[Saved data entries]
[Start of Attachment]
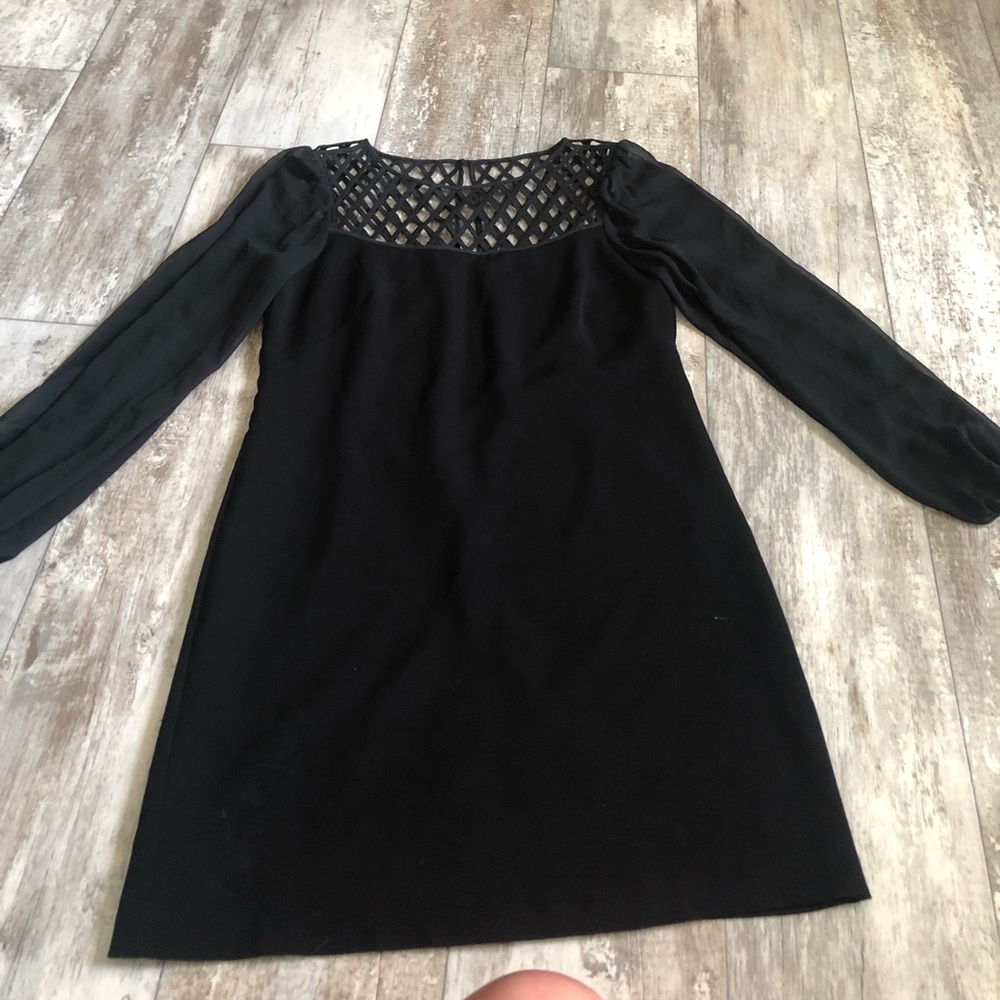 black formal dress
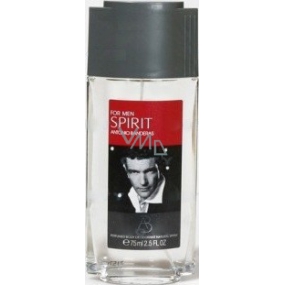 Antonio Banderas Spirit for Men parfémovaný deodorant sklo 75 ml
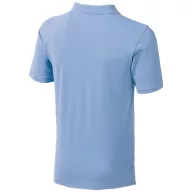   Calgary short sleeve men's polo, Male, Single Piqué of 100% Cotton, Light blue, XS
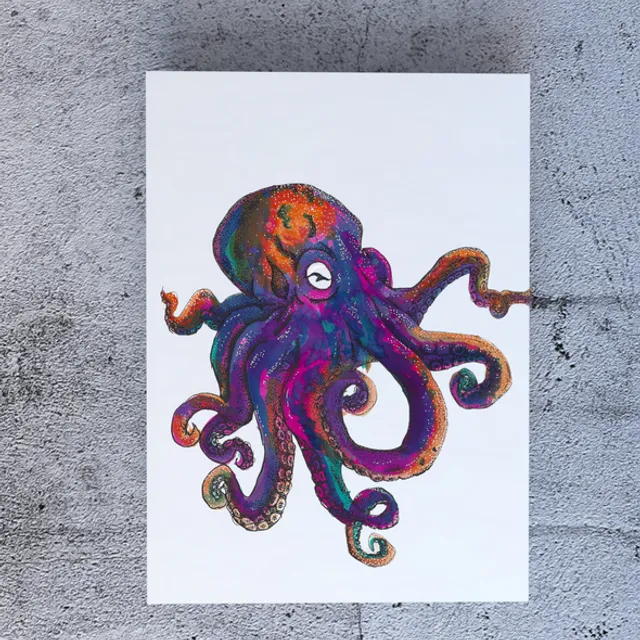 Original Ink Octopus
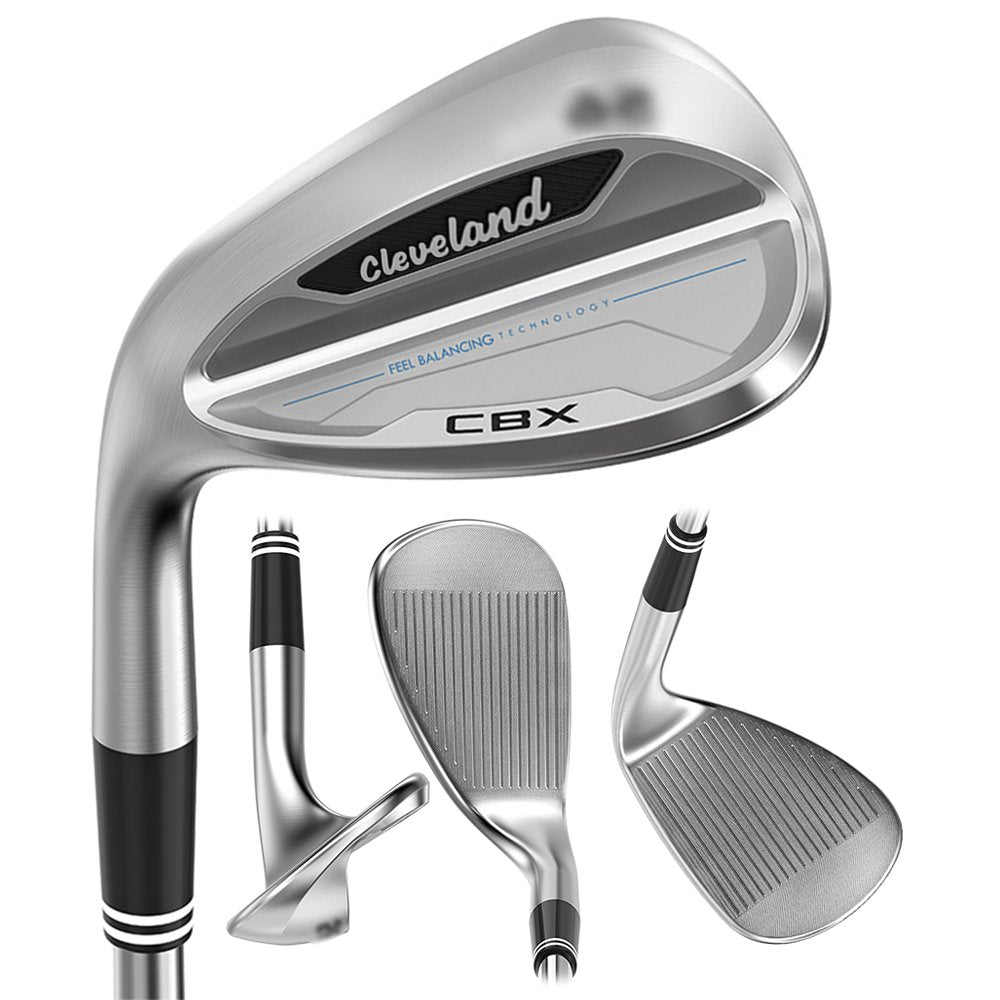 Cleveland Golf 2018 Men's CBX Wedge 52 Degree Steel, Left Hand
[End of Attachment]
Where the line containing "Antonio Banderas Spirit" appears above, start there and set down each line exactly through the last line of the data; leave out every picture.

# REPLY TO THE EXERCISE:
 Antonio Banderas Spirit for Men parfémovaný deodorant sklo 75 ml
   Calgary short sleeve men's polo, Male, Single Piqué of 100% Cotton, Light blue, XS
 Original Ink Octopus
 Cleveland Golf 2018 Men's CBX Wedge 52 Degree Steel, Left Hand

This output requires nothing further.